Hi: I'm curious as to what a "sane" number of underlyings is to trade. I watch/trade a list of 30 high Beta stocks with Weekly's. Anymore than that and I begin to feel overwhelmed. What is everyone else thinking/doing in terms of a comfortable number to watch/trade? Thanks
Watch 3 closely; trade 1 mostly. Watch 10 idly; thinking about trading them, but let's not be hasty. Watch 100 out of the slightest curiusity -- trade them maybe once a year...... Depends too on where you're going with weekly(s). Work 'em far out, and there's less to do. Work 'em close, and when the market moves, you'll be scrambling *very* hard. (A great way to lose money.) Wait for one of those 3% days -- that will make clear what what a smart workload is. OR, put 'em into a basket, that you can evaluate with a single line of data, and trade with a single click.

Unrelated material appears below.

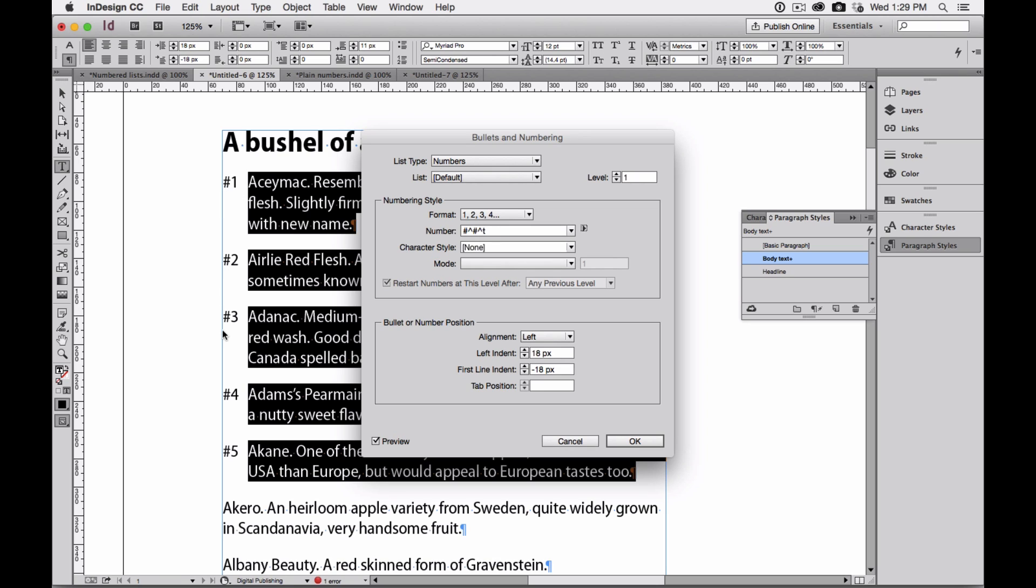So this gives me some formatting options that I really wouldn't have been able to work with had I typed all this in myself.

ATRP2iz has a good list, watch Index, Currencies, Bonds, Oil, and Gold, those are the big ones that will move the market, i only have them on a quick glance, to determine long/short bias, like if the markets cratering you dont wanna be buying breakouts, its just an overall view, then i make a short list of 9 stocks every day, and of those 9, I have 2 ideas that im going to take right off the open if the stock does what i think its going to do. Most days i dont stray very far from the 2 best ideas, might trade 1 or 2 new ideas that pop up on the scan but mostly, i just keep adding in too my two if its going my way or keep trading it on the same side i thought it was going to go before market. The 9 charts i keep on other screen is just so i can glance over and see if anything is really obvious when the main 2 dont pan out. (only reason its 9 is cause 9 takes up 1 screen) but dont get yourself too hung up on a million stocks otherwise your going to feel like you missed everything. And your going to get confused, the way i see some newbs trade its a goddamn miracle they are able to do anything with how much their paying attention too. Ive seen guys with 4 screens full of charts and they dont short list it and they just think they are going to look over and buy or sell what looks good, it rarely works.

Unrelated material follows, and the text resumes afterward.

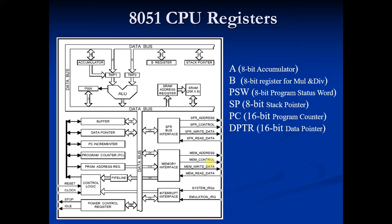It is used to hold the internal RAM memory location address which are used as stack memory. It is basically used when subroutine program is called.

np feel free to ask away, the other thing id recommend anyone starting out is see if you can find a mentor, ive been trading for ten years and i still have a mentor i fall back on, hes been trading since the 90's, its an up and down business your going to go through tough times, its how you keep your wits about you during the hard times that will make or break you, thats why its nice having a mentor. I literally owe everything i have to my mentor.
Stocks Dow 30 and next 20 with high volume/options, NAQ/ETF 15/5 high vol/options, and 40 plus commodities-try to do always in approach, 95% automation. When I started, I did 3 stocks and that was it, wished I had worked more on risk than profit.
I check 200+ instruments/products everyday on all markets: Forex, Commodities, Futures, Indexes and Stocks.